Last-wicket pair James Anderson and Monty Panesar delivered a defiant unbroken partnership to secure a thrilling draw for England in the opening Ashes Test.
- Related Content
Dominated by Australia for the majority of the match in Cardiff, England delivered a determined display to salvage a draw just as they seemed set to subside to a comprehensive defeat.
Having slipped to 70 for five in the morning session of the final day to face the prospect of a humiliating innings defeat, Durham all-rounder Paul Collingwood spearheaded England's stunning fightback with a magnificent 74 spanning 343 minutes at the crease.
But with a minimum of 11.3 overs remaining and England still trailing Australia by six runs, Collingwood fell to a juggling catch in the gully to leave England's slim prospects resting on Anderson and Panesar.
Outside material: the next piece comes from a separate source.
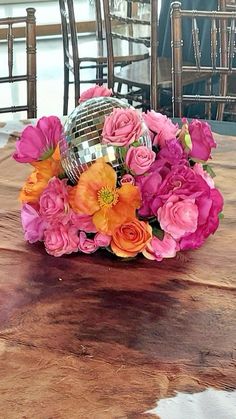 a bouquet of flowers sitting on top of a wooden table with chairs in the background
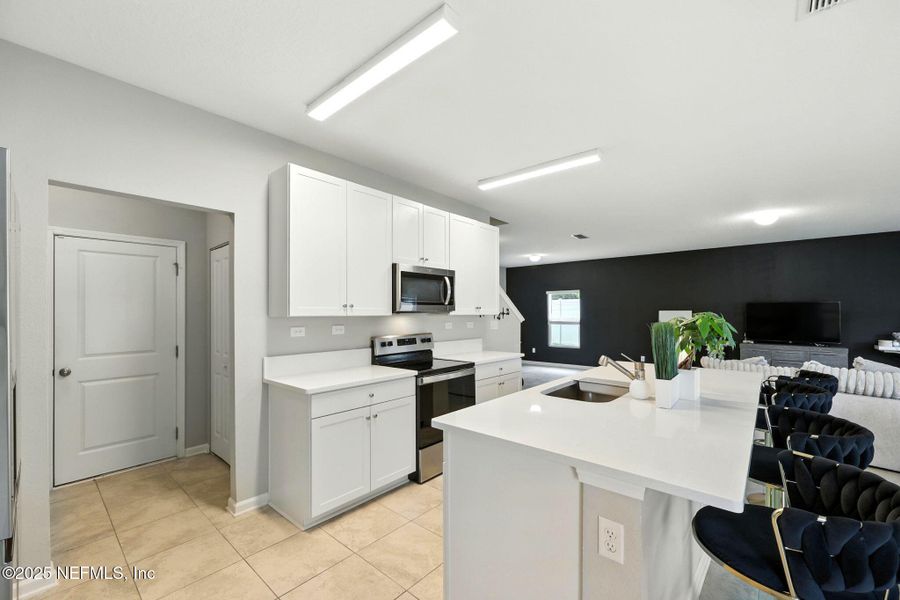 Furnished interior view inside a new home in , Jacksonville (Image 13).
Neither player has much of a pedigree with a bat in their hands, although Anderson has worked hard at that aspect of his game and Panesar has been receiving coaching from Collingwood recently in an effort to increase his contribution as a tail-ender.
That work behind the scenes paid rich dividends for England with the pair repelling 69 deliveries and defying Australia's best efforts for 40 minutes to provide a thrilling finish for a crowd who gave them a standing ovation at the end of every over they survived.
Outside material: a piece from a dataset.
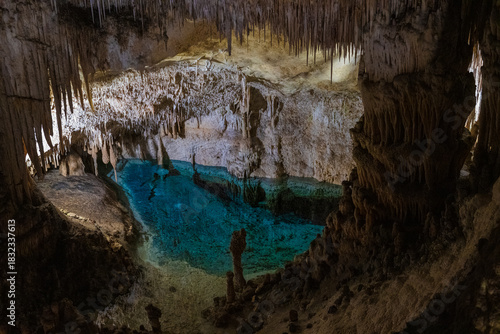 Large underground chamber filled with dense stalactites and rock formations, illuminated by soft artificial light inside a deep limestone cave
It was a finish every bit as gripping as those served up in 2005 and sets the stage for another exciting series just as Australia seemed set to complete an emphatic and comfortable victory.
England had resumed the final day on 20 for two still 219 runs away from avoiding an innings defeat with Collingwood having set the stage for the task ahead by calling for each player to take responsibility to save the match.
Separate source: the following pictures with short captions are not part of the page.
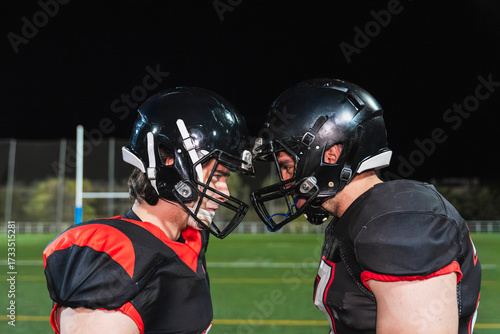 Canvas-taulu American football players in helmets and shoulder pads facing each other intense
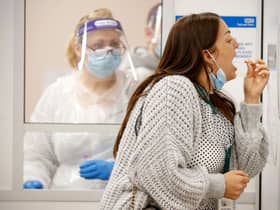 The UK public is being warned that the rapidly spreading Omicron variant posed a "serious threat" as the county records its highest ever daily case total.  (Credit:Getty Images)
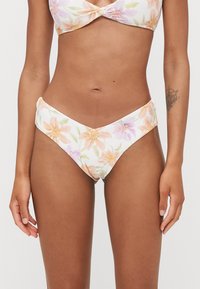 Floral bikini set featuring a ribbed texture. The top has a knotted design, and the bottoms are high-waisted with a V-shape, adorned with pastel flowers.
It was a call not heeded by his team-mates in the top order with England losing three wickets for 19 runs before lunch to loose shots which appeared to have rendered the result a formality.
Key batsman Kevin Pietersen began the top-order slump by shouldering arms to swing bowler Ben Hilfenhaus and losing his off-stump in the fourth over of the day.
Captain Andrew Strauss followed suit six overs later by mistiming an attempted cut and being caught behind to earn much-maligned off-spinner Nathan Hauritz one of three victims on the final day to firmly answer those critics who doubted his effectiveness in this series.
The killer blow to England's hopes of saving the game was Matt Prior's misjudgement in attempting to late-cut Hauritz and instead gave a comfortable catch to Michael Clarke at slip.
With men around the bat and the ball turning on a final-day wicket, it was far from comfortable for Collingwood and Andrew Flintoff as they attempted to bat more than two sessions to save the match.
Collingwood was fortunate early in his innings when he had reached just 11 when he gloved Hauritz onto his pad only for the ball to loop out of the reach of Simon Katich at short leg.
After that narrow escape, Collingwood relied on playing the spinners off the back foot to deny the close fielders any encouragement and seemed happy to survive rather than add to England's total.
It took him 32 balls after lunch to add his first run and with Flintoff also resisting his natural instincts to play aggressively, they added 57 until the Lancashire all-rounder edged left-arm seamer Mitchell Johnson to slip.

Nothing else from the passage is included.